È una teoria che fa acqua da tutte le parti ed è già stata smentita ufficialmente anche da Mediapart, indicata dal Bjp come la fonte grazie alla quale l’intrigo internazionale è stato smascherato, ma che affidando le proprie dichiarazioni al portale indiano The Wire non solo accusa il governo indiano di aver “strumentalizzato” il loro lavoro di ricerca per diffondere “fake news”, ma rincara la dose manifestando sostegno ai “coraggiosi giornalisti che in India e all’estero che lavorano e indagano sull’India”.
Forti di questo presunto scandalo, i parlamentari del Bjp hanno sia paralizzato i lavori del parlamento, sia rafforzato in una parte dell’opinione pubblica indiana la convinzione dell’esistenza di forze oscure, “deep state” e macchinazioni internazionali che minacciano la reputazione dell’India proprio ora che il Paese è lanciato verso un futuro di prosperità e si candida a diventare la prossima superpotenza asiatica.
È una strategia che, in India e non solo, consolida l’elettorato più complottista e aiuta a mettere al riparo gli esecutivi dalle critiche. Ed è una strategia che, con la prossima presidenza Trump alle porte, è probabile vedremo sempre più spesso utilizzata dal governo indiano per screditare chi critica l’operato di Modi sia da dentro l’India, sia da fuori.
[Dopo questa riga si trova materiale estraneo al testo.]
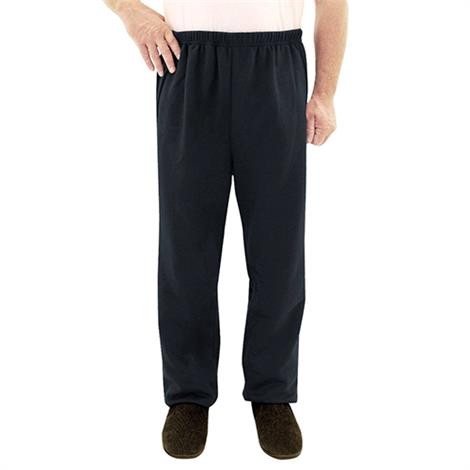 Silverts Fleece Adaptive Wheelchair Pants For Men | Patient Gown and ...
LA CARNATIC FUSION DEI LAKKSHYA
Il 22 novembre il quartetto di musica classica carnatic Lakkshya ha pubblicato l’album d’esordio Ecstasy.
Sei tracce che comprendono alcune collaborazioni di lusso – come quella della bassista indiana Mohini Dey nella prima canzone dell’album, The Way Home, e in Bhavani – e ricordano le sperimentazioni della fusion della Mahavishnu Orchestra e soprattutto del progetto Shakti, con John McLoughlin alla chitarra, L. Shankar al violino e Zakir Hussain alle tabla.
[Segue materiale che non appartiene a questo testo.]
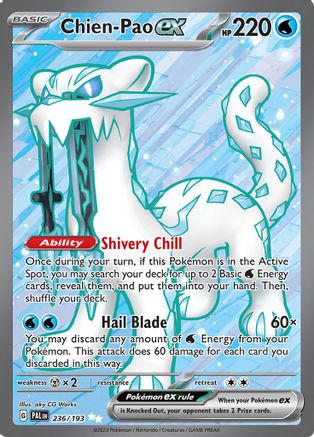 Chien-Pao ex - 236/193 - SV02: Paldea Evolved #236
Si tratta di una riattualizzazione della tradizione carnatic, branca della musica classica indiana tipica dell’India meridionale caratterizzata da evoluzioni melodiche in cui violino e voce regnano incontrastati.
In Ecstasy i Lakkshya hanno i piedi ben saldi nelle proprie origini classiche ma flirtano, senza esagerare, con il jazz occidentale e con i ritmi latini.